Helen Powell Graham
Writing a memoir is like opening a window into your past life. It can also help clear the fog on windows of the past. Writing my own story in my memoir Nothing Like Normal (to be published by Black Opal Books in 2015) caused me to wonder about the tales of my parents and ancestors and what they could tell me about my heritage. While my father’s genealogy had been thoroughly researched by his brother and sister, I knew there was very little recorded about my maternal family line and actual history. This changed when I took the time to examine a faded sheathe of paper on which my great uncle had recorded a rudimentary family tree stretching as far back as 1600, tracing our ancestors who first immigrated to the colonies from England. I had been careful to make a copy of this priceless document that I finally painstakingly transposed into Ancestry.com.
Those stories had always been close yet far away, waiting to be unearthed. As I was growing up my grandmother often shared with me tantalizing snippets from her youth in the late 1800s. Since I loved “olden day” books such as Little House on the Prairie, I could easily imagine her and myself in that era. She would say “Martha, your tights remind me of the stockings I wore as a child” which would lead to how she seared her dangling legs on a tailpipe when she first rode in the back of a model T or other reminisces that wove a tangible thread from the past into my daydreams and the present.

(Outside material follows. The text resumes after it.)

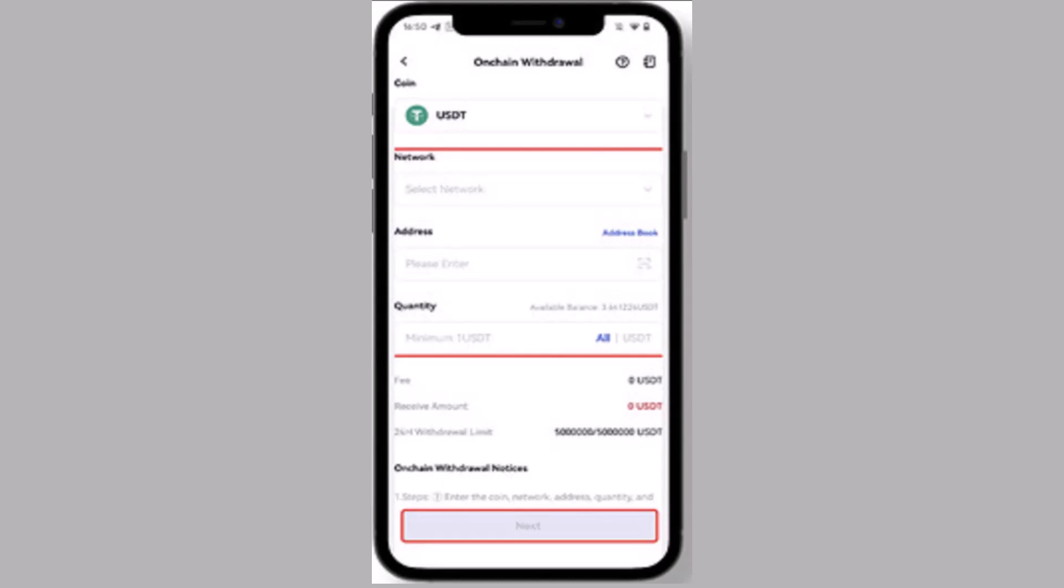You need to make sure that all of the information provided is correct. As well as you need to enter the amount of cryptos that you want to transfer. Once you're done, tap on next. Next interface you need to verify.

One of the best of her stories was of my great-grandfather, my grandmother’s father, who was a young boy of at the end of the civil war. One day some soldiers came riding through his small town in Texas sometime after the last civil war battle at Palmito Ranch.
“Boy, hand me my rifle over there”. A blue coated soldier said after he mounted his stallion.
My great-grandfather obediently reached for the rifle which was leaning against a white picket fence. In a terrifying instant, the trigger snagged on the fence frame and blew his arm off.
My grandmother, who obviously adored her father, was proud as she told this tale and of how he grew up to become a successful lawyer in spite of his disability. She and her sister would squabble over who got to cut up his meat at the dinner table. Apparently, he even became so accustomed to just having one arm that he was sometimes unaware of it. She told me that one day he saw a man on the street with one arm and said to her, “Why, that poor man only has one arm” and then suddenly burst out laughing, “Well, I only have one arm myself!”
Like my grandmother, mom also liked to share with us anecdotes, particularly about the challenges her family faced living in the shadow of the Great Depression. Prior to this, their family of four lived an affluent life, pampered by servants in San Antonio, Texas until it all hit the fan in 1929. Her father struggled to keep the family resources intact for some years but finally, one day he came home defeated, laying a quarter on the table saying “that’s all we have”.
Grandmother was able to resurrect their finances through some smart oil investments and she continued to work throughout her life as an educator well into her 80’s, finally passing away at the age of 88.
These ancestors, their surnames and hints of the lives they led are now recorded for posterity but many births and branches of the tree still need to be filled in. In truth, there is more that is unknown than what is known. The rest is still waiting to be written.
What treasures lie in your past? It you take a go at Ancestry.com or other readily available resources, discovering it may be easier than you think.